My aunt found an apartment that is very nice and suits her needs and also has a garage that she was specifically praying about. We will be moving her over the next month. I have confirmation that I am to settle into Casper for a while and get a job, apartment, and eventually a car. I will be spending some time here, to see what the Lord would have me to see. I am trusting the Father that His plans for me are good. I have a job interview on Thursday.

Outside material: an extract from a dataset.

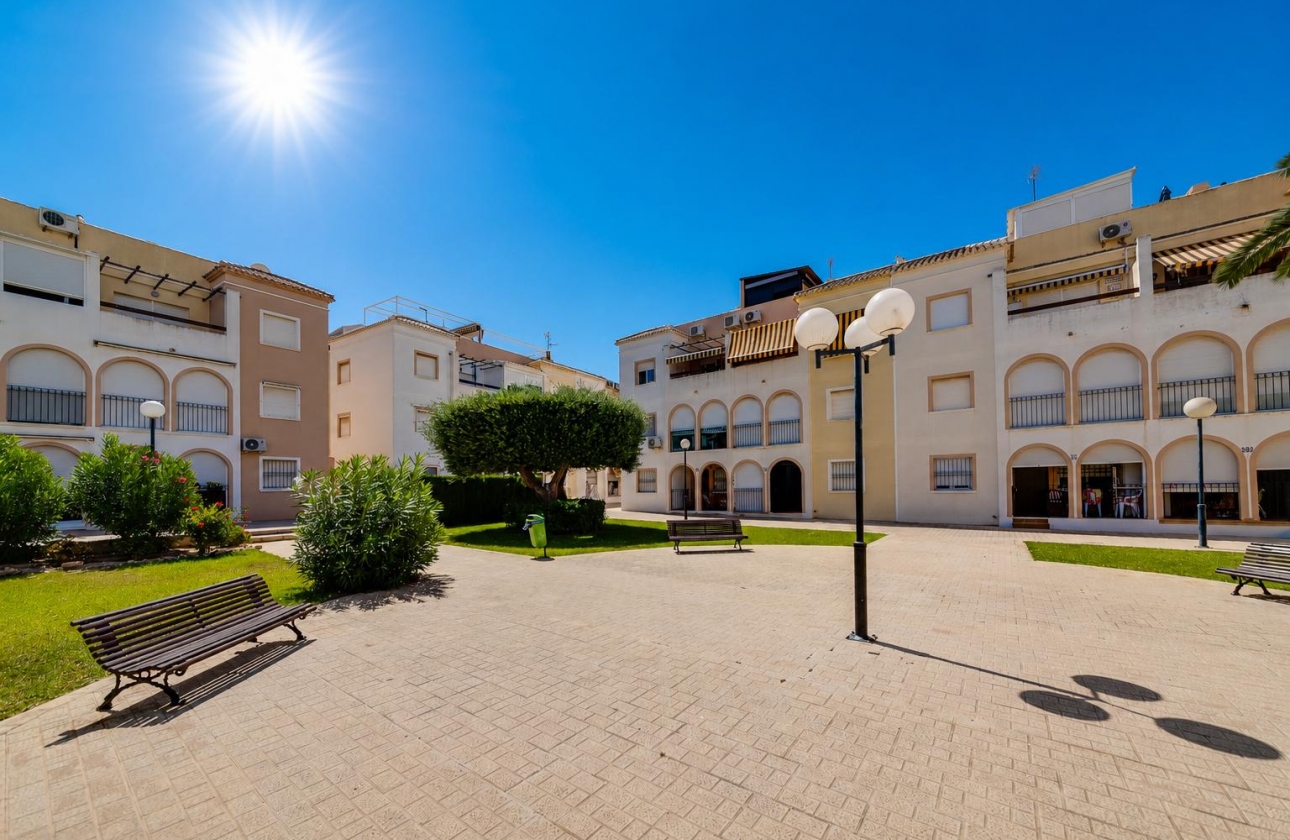 Resale - Bungalow - Torrevieja - Playa de los Náufragos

My cousin is getting married tonight and my grandma and uncle and his wife are coming to stay at my aunt’s house tonight. There is a lot of things going on here, things I can’t go into detail on this blog, but my aunt and I have been praying a lot and doing spiritual warfare. I am beginning to see that a lot of my past walk has been works based, even though I did not see it at the time. It is not about what I am doing, but about the Lord and what He is doing, in my life, and the lives of those around me. I am learning to cleave to the Lord in His grace and mercy in my life, and trust in HIS PLANS for me, and not my own.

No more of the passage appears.